By Miguel De La Torre
Among Christians, one of the most powerful biblical stories is the Exodus, where God enters history and guides God’s chosen people toward the Promised Land. The trek of former slaves toward liberation resonates with many who today are dispossessed.
Unfortunately, what we usually ignore is that this Promised Land was already occupied by the Canaanites, who first had to be slaughtered before God’s chosen could take possession. [The Hebrews] enforced the ban on everything in [Jericho]: men and women; young and old; ox, sheep and donkey, massacring all of them (Joshua 6:21).
While most marginalized Christians read themselves into the story of the oppressed slaves marching forward, many first-nation people see themselves as the modern-day Canaanites.
An honest reading of the book of Joshua should lead us toward restless nights. When God’s chosen people entered the land of Canaan, they found other people living there. How do you claim a land when it is already occupied?

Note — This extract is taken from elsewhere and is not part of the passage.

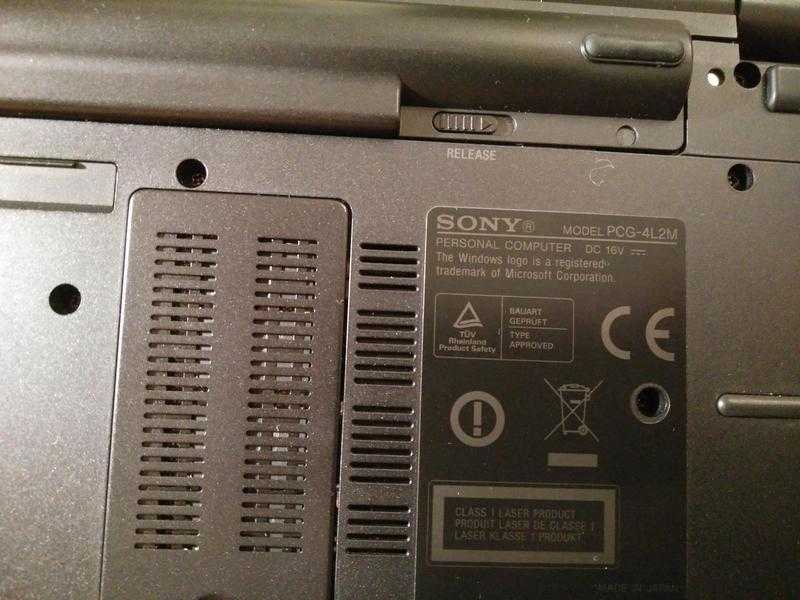 SONY VAIO LAPTOP MODEL PCG-4L2M  MADE IN JAPAN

According to the text, God commanded that everything be put to death: men and women; young and old; ox, sheep and donkey. The spears of God’s people were thrust through babies. The swords of God’s people lopped off the heads of children. Pregnant women were disemboweled. Families were decimated before each other’s eyes. A gory bloodbath took place that has more in common with some diabolical scene from the depths of hell than the glories of heaven.
Today we call God’s command a war crime. Today we call God’s command genocide. Today we call God’s command crimes against humanity. Does the book of Joshua depict a non-biblical God?
Some might argue that the Canaanites worshipped false gods and did despicable things. Do we then have a right to kill everything that does not recognize the true God, with the true God being how we as Christians define God? Should we then invade and decimate all non-believers who in our eyes do despicable things? Think of the crusades.
The Hebrew’s (European) dream of religious freedom and liberation became the Canaanite’s (Amerindian’s) nightmare of subjugation and genocide. Like the Canaanites before them, Indians were viewed as a people who could not be trusted, a snare to the righteous and a culture that required decimation.
Robert Allen Warrior provides a re-reading of the Exodus story from the Canaanite perspective, questioning if it is an appropriate biblical model for understanding his people’s struggle for dignity. He calls for a Christian reflection that places the Canaanites at the center of theological thought and that considers the violence and injustice rarely mentioned in critical works concerning Exodus.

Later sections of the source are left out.